02 February 2017, The Tablet

Pope Francis should talk with ‘dubia’ cardinals, says Radcliffe


The Pope should engage with the four cardinals who penned the “dubia”, or doubts, about contentious issues in his apostolic exhortation Amoris Laetitia, theologian Timothy Radcliffe has said, writes Filipe Avillez. Speaking in Portugal, where he was attending conferences on Catholic ethics, the ex-head of the Dominicans said that it was important to recognise that the four cardinals were “speaking honestly”. He said they were expressing doubts felt by many about Francis’ teaching that divorced and remarried Catholics could, in some circumstances, be allowed to receive Communion.

The “dubia” were sent to the Pope and the Congregation for the Doctrine of the Faith (CDF) by Cardinals Raymond Burke, Walter Brandmüller, Joachim Meisner and Carlo Caffarra in September. Having received no answer from the Pope or from CDF Prefect, Cardinal Gerhard Müller, they made their letter public in November. Asked if the Pope should reply, Fr Timothy said: “I think it would be good to engage more closely with the four cardinals. I think it is important to recognise that they speak honestly.”
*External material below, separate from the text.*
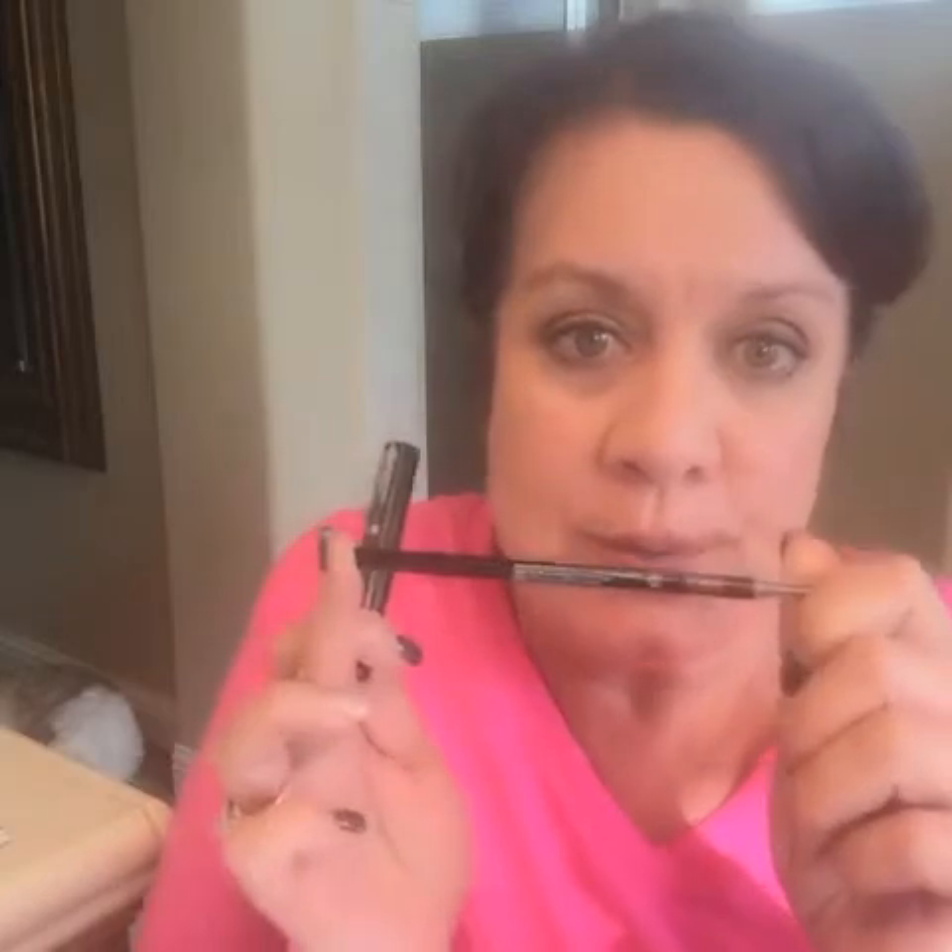Hey everyone, I want to show you a really quick and easy way using two of Younique's brow products to create a natural looking eyebrow look. The first one is our eyebrow pencil and it comes in light, medium, and dark — today I'm using medium. I'm also going to use our brow gel at the end, which has our uplift eye serum in it and tiny fibers like our mascara does, so it's going to fill in any sparse spots. It also comes in light, medium, and dark, and I'm using medium today.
Fr Radcliffe is often portrayed as a progressive, a description he said he disliked, adding that “simplistic labels” tend to “stop the conversation” necessary to search for truth. On Amoris Laetitia, he said he considered it did not change doctrine, but was an attempt “to understand more deeply how people travel towards God. It is a very profound meditation on what it means to be a moral being … I disagree with [the cardinals], I agree with the Pope’s position. But I think we have to understand they are expressing genuine doubts ... felt by many young people,” he explained.